On some non-linear projections of self-similar sets in $\mathbb{R}^3$

TL;DR

This paper investigates the behavior of orthogonal transformation-free self-similar sets in three-dimensional space under non-linear projections, showing that certain projections and distance sets have maximal dimension under specific conditions.

Contribution

It demonstrates that projections of these self-similar sets onto the real line have dimension 1 when the set's dimension exceeds 1, and explores the dimension of their distance sets and algebraic products.

Findings

Projections of self-similar sets with dimension > 1 have dimension 1.

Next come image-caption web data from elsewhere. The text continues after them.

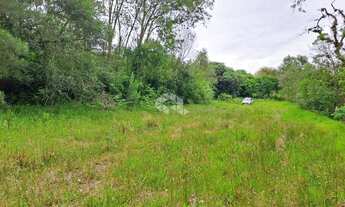 Imagem 4: Terreno total de 20x150m, em Nova Santa Rita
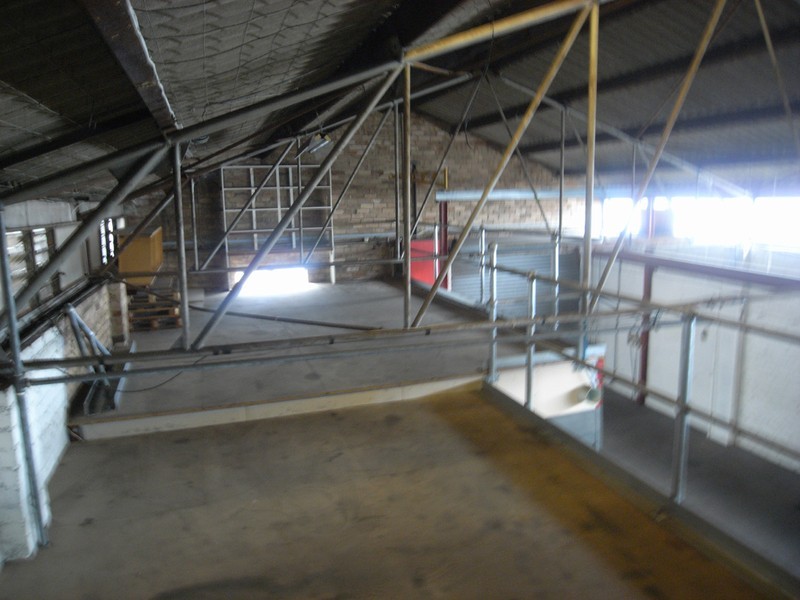 45 Winbourne Road, Brookvale NSW 2100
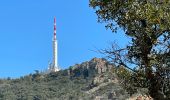 Tour Wandern Saint-Raphaël - col de la Cadière depuis le Belle-Barbe  - Photo 4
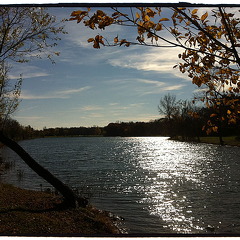 Des Plaines River Trail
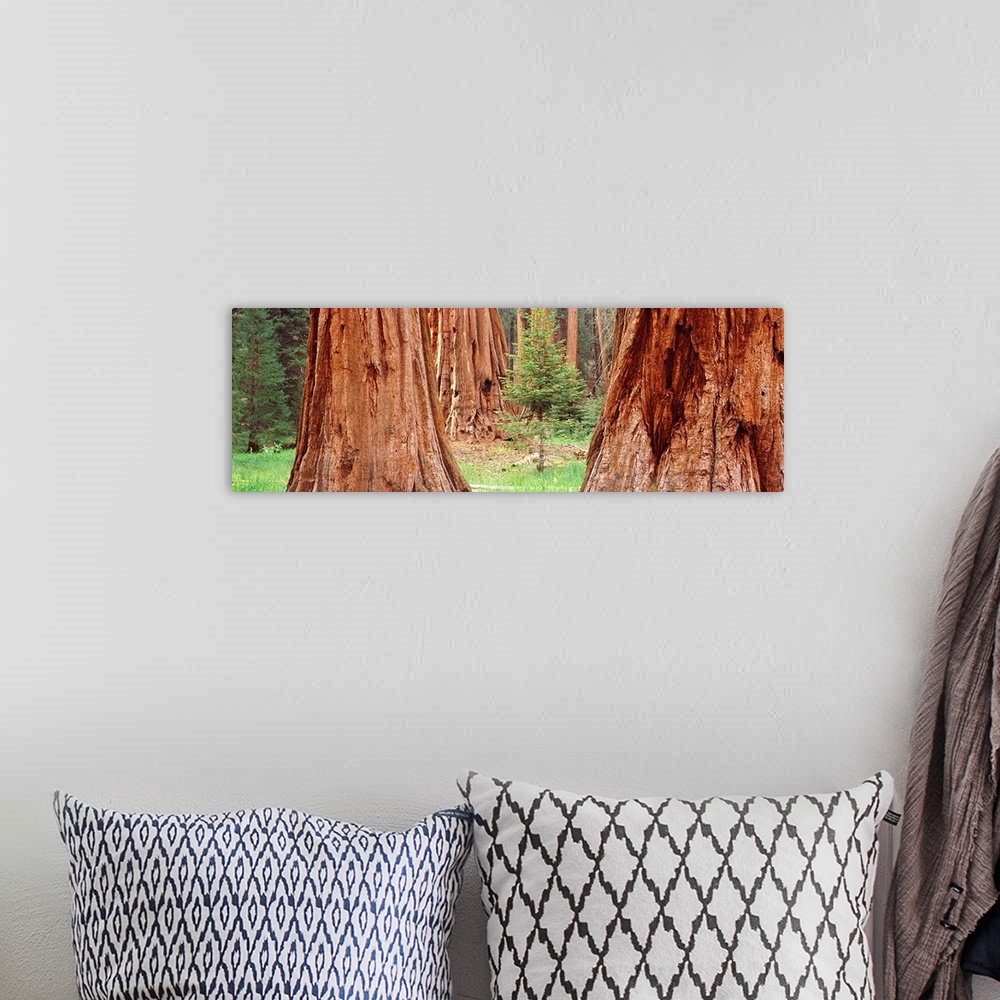 A bohemian room featuring Sapling among full grown Sequoias, Sequoia National Park, California,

Distance sets of such sets have dimension 1.

Third algebraic product of the set has dimension 1 if the set's dimension ≥ 1/3.

Abstract

In the last years considerable attention has been paid for the orthogonal and non-linear projections of self-similar sets. In this paper we consider orthogonal transformation-free self-similar sets in $\mathbb{R}^3$, i.e. the generating IFS has the form $\left\{ \lambda_i \underline{x} + \underline{t}_i \right\}_{i=1}^q$. We show that if the dimension of the set is strictly bigger than $1$ then the projection of the set under some non-linear functions onto the real line has dimension $1$. As an application, we show that the distance set of such self-similar sets has dimension $1$. Moreover, the third algebraic product of a self-similar set with itself on the real line has dimension $1$ if its dimension is at least $1/3$.